# Implicit Filtering – Thank You C.T. Kelley

Implicit Filtering (IF) (designed by C.T. Kelley) is a sophisticated, deterministic pattern search method for bound constrained optimization. Like most pattern search algorithms, the evaluation of the objective function at time step i is used to determine the next cluster of points for the following time step i+1. IF, however, uses a combination of sampling, thus exploring the search space by evaluating the objective function at multiple feasible points, and interpolation, which uses a first-order interpolant constructed via linear least squares, and a quasi-Newton Hessian approximation to infer descent directions.

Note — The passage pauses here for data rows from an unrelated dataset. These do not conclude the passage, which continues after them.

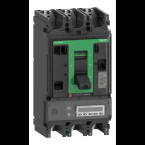  Dsj ML6.3E 3P3D 630A NSX630HB2 
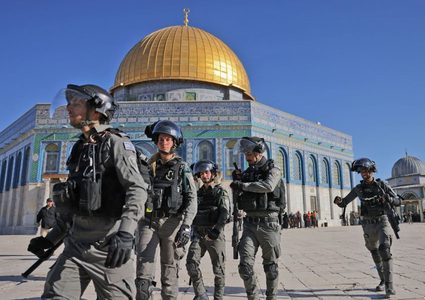 القدس: 3 شهداء و132 معتقلا و13 عملية هدم وتجريف خلال آب المنصرم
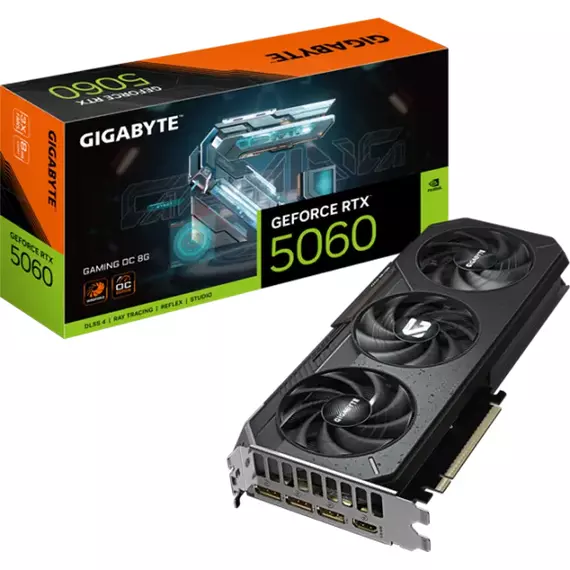 Ultra Navigator  PC11847 // Gaming / PC  i5-14400F H610M 32GB M.2 NVMe 1TB RTX5060 8GB 800W, 7 image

The sampling method is arranged on a stencil, which, given a current iterate $x_c$, will sample the objective function in all coordinate directions via $x_c \pm hv_i$. Here $v_i = (L_i-U_i)e_i$, where $L_i$ and $U_i$ represent the components of the lower and upper bounds of the feasible region, respectively, and $e_i$ is the unit coordinate vector. The scale, h varies as the optimization progresses, according to $\{2^{-n}\}_{n=1}^7$. Therefore, if a sampling phase is unsuccessful in finding a more optimal position than the current incumbent point, the scale, and thus the stencil, is reduced by a factor of 0.5, and the sampling phase is repeated. By default, the optimization will terminate after the scale has been reduced by a factor of $2^{-7}$. It is, however, the quasi-Newton iteration that provides IF with a clear advantage over a general pattern search algorithm, and has shown to improve overall efficiency and ability of global convergence.

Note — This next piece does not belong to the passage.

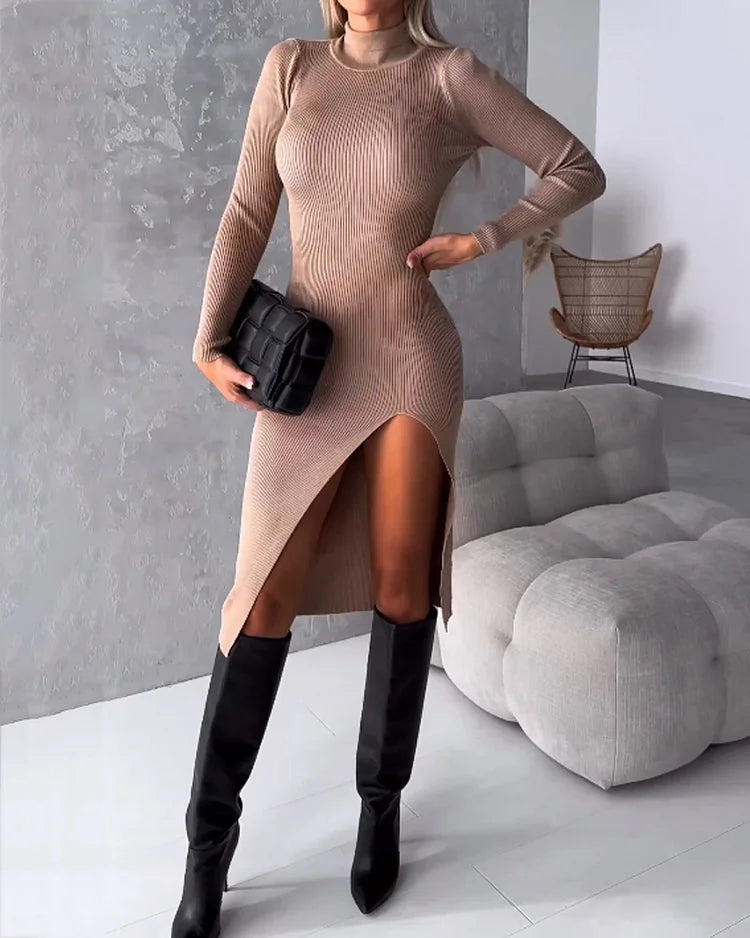 Maelra Summer Essential Dress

In terms of algorithm structure, IF can be broken into two main loops: the outer loop, which controls the pattern search, and the inner loop, which implements the quasi-Newton iteration at the current best position, $x_{min}$, determined at the end of each sampling step. Therefore, IF must be given two main stopping criterion; one for each loop.

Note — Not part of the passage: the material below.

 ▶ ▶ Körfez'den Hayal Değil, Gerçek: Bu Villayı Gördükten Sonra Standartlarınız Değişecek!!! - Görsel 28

The quasi-Newton iteration will terminate when the norm of the difference gradient $||\nabla f(x,v,h)|| \leq \tau h$. Here, $\tau = \xi *\epsilon$, where $\xi$ is a scaling factor that attempts to eliminate discrepancies in the step size of the quasi-Newton iteration, which arise when the values of the objective function are either very small or very large. The default scale value is $\xi= 1.2|f(x_0)|$, where $x_0$ is the user-supplied initial starting point. $\epsilon$ is the tolerance level for terminating the quasi-Newton iteration. Highly sensitive stopping tolerances are required for optimization of $\mathcal{L_\beta}$ as the likelihood function contains many regions that are relatively flat, which can result in a premature termination of the optimization process if the stopping tolerance is too large.

Kelley states that IF works efficiently for functions which are noisy, non-smooth or random. Therefore in theory, IF should be well suited for optimization of our particular objective function, $\mathcal{L_\beta}$. The general thought is that the sampling phase, with a suitable step size, should step over the local minima, whereas the quasi-Newton iteration will establish efficient convergence in regions near the global optimum. For more information on IF’s options and specifications, please refer to Implicit Filtering by C.T. Kelley.